News Breakthrough DL Training Algorithm on Intel Xeon CPU System Outperforms 8 Volta GPUs By 3.5x

JayNor

Reputable
May 31, 2019
430
86
4,760
from the paper ... all the info on the CPUs/Threads is there:
"All the experiments are conducted on a server equipped with two 22-core/44-thread processors (Intel Xeon E5-2699A v4 2.40GHz) and one NVIDIA TeslaV100 Volta 32GB GPU. "

"As mentioned before, ourmachine has 44 cores, and each core can have 2 threads.However, we disable multithreading and the effective number of threads and cores is the same. Hence, we interchangeably use the words “threads” and “cores” from here on. We benchmark both frameworks with 2, 4, 8, 16, 32, 44 threads."
 

Gomez Addams

Prominent
Mar 4, 2020
53
27
560
What I think would be interesting is if they were to adapt their algorithm to GPUs. Then it could be even more parallel.

Yes, I read they need a large memory and that could be prohibitive since GPUs max out at 32GB. Maybe Nvidia will up the ante at the end of this month and announce a GPU with 64GB of RAM, or more.
 
Mar 6, 2020
1
0
10
I'm sorry but "Tom" has been played by Intel "research"

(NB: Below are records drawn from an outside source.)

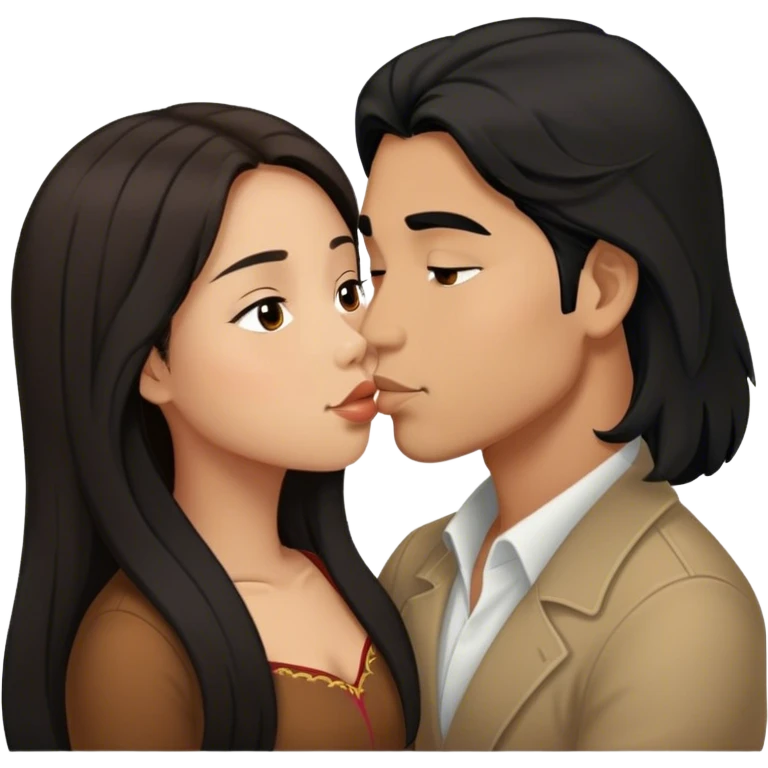Latino man with long black hair kissing brown hair Filipina emoji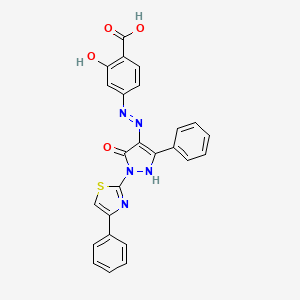 molecular formula C25H17N5O4S B1364203 2-hydroxy-4-{2-[5-oxo-3-phenyl-1-(4-phenyl-1,3-thiazol-2-yl)-1,5-dihydro-4H-pyrazol-4-ylidene]hydrazino}benzoic acid 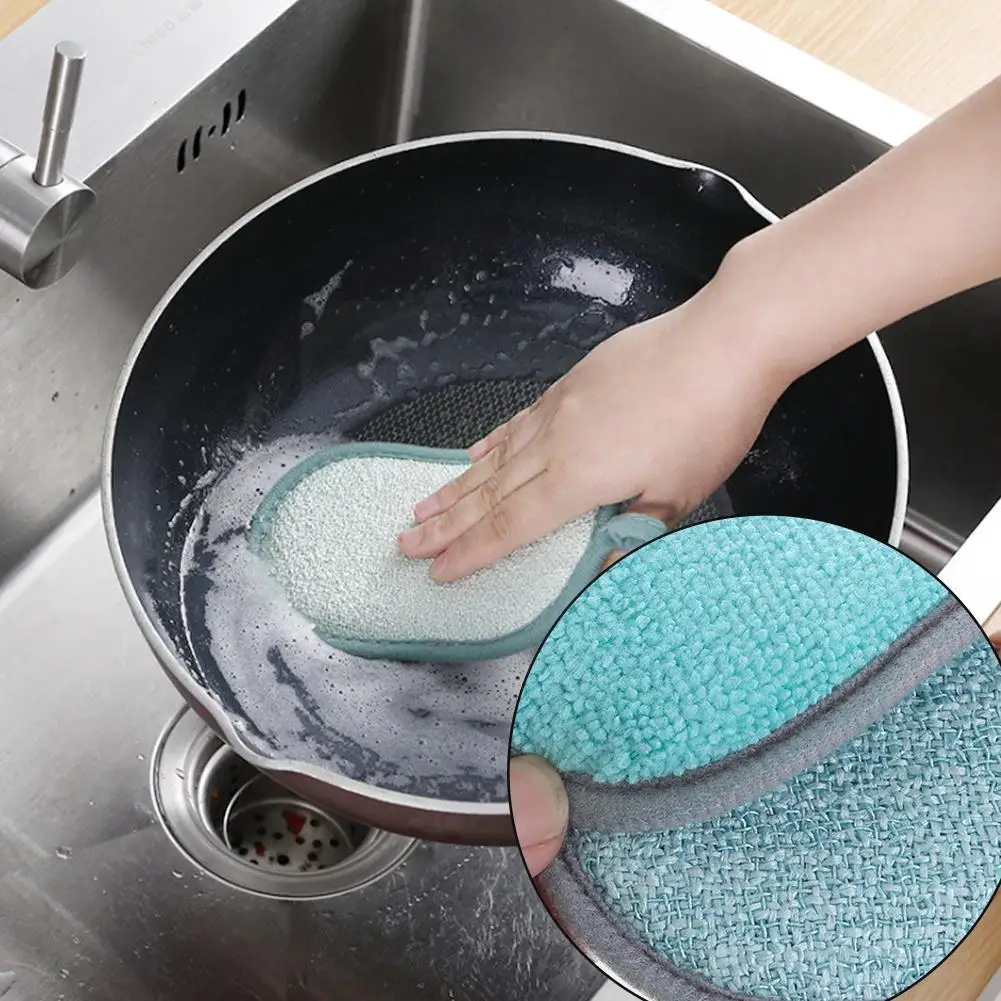

1pc Anti-microbial Cleaning Sponge Wipe Kitchen Washing Sponges Brush Double-sided Pan Decontamination Scourer Melamine Dis Y4T3
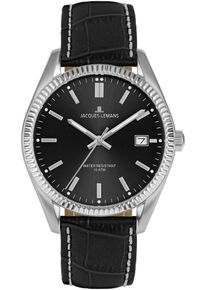 Quarzuhr Jacques Lemans "Derby", schwarz (schwarz, schwarz), Armbanduhren, Damen, Quarzuhr, Armbanduhr, Herrenuhr, Damenuhr, Lederarmband, Datum
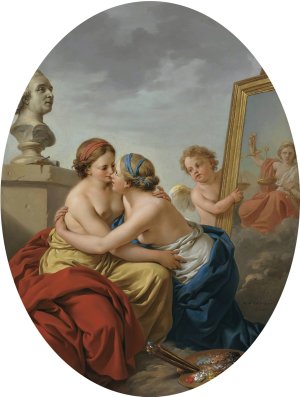 The union of painting and sculpture by Louis-Jean-Francois Lagrenee Oil Painting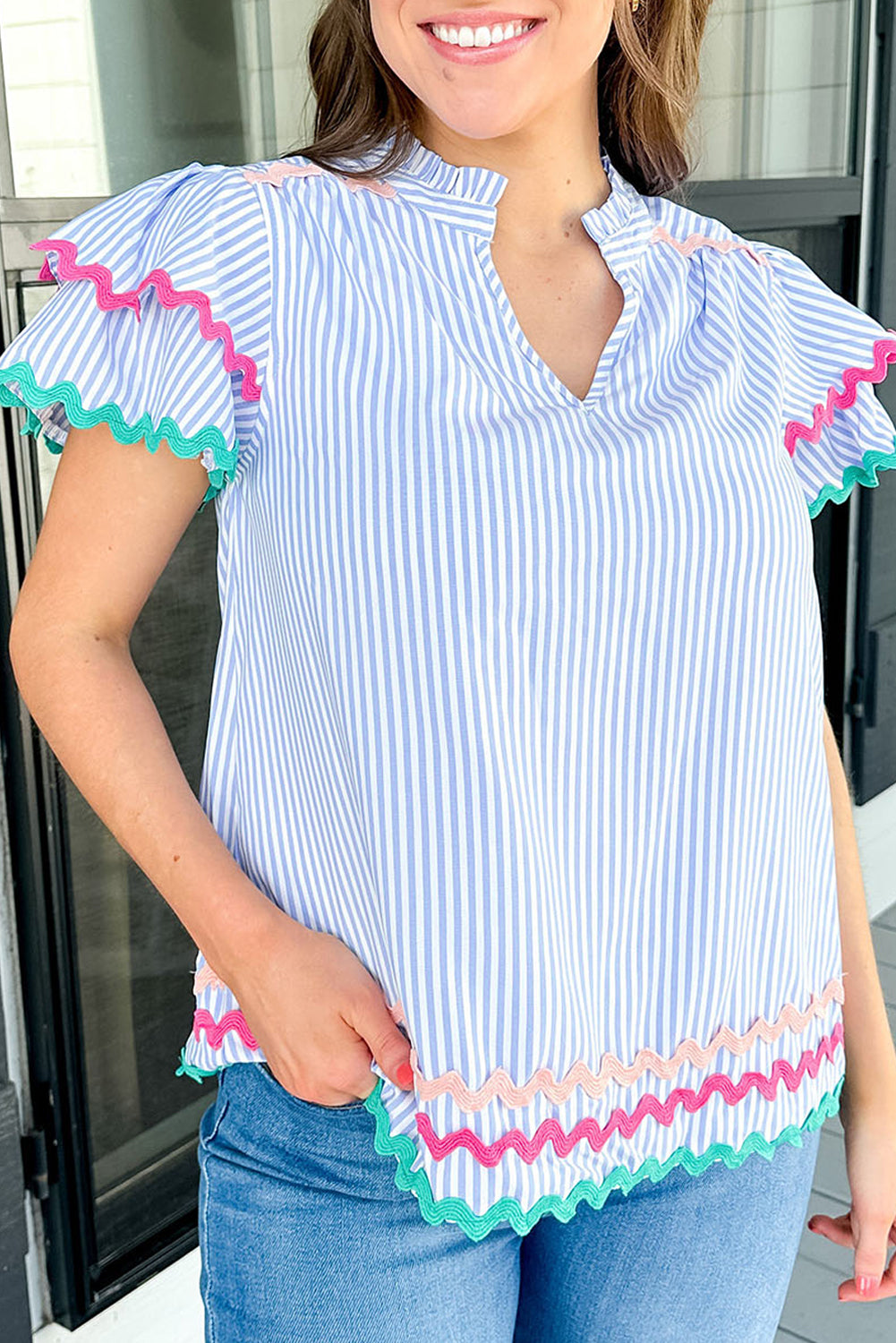 Stripe Ricrac Trim Split Neck Striped Ruffled Sleeve Blouse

"Updated 11:00am PT: Corrected the article to reflect that the tests were conducted with a single V100 GPU. "
The original claim was with eight, good catch.

"The researchers have not talked about any plans or prospects of their algorithm for commercial adoption"

" this effectively moves the performance crown of fastest chip for training to CPUs."
 

alextheblue

Distinguished
I'm sorry but "Tom" has been played by Intel "research"


"Updated 11:00am PT: Corrected the article to reflect that the tests were conducted with a single V100 GPU. "
The original claim was with eight, good catch.

"The researchers have not talked about any plans or prospects of their algorithm for commercial adoption"

" this effectively moves the performance crown of fastest chip for training to CPUs."
I mean, it's still pretty impressive if two 22 core CPUs are faster than two V100s.
 
Mar 13, 2020
1
0
10
Tensorflow although commercialized by google is one of the slowest, if not the slowest deep learning libraries that exists. So this article is inaccurate and misleading in saying "3.5 times slower than gpu training". Also a 48 core cpu system might not be a single machine. These tests and comparisons need to benchmark fairly using all deep learning libraries (especially pytorch and chainer).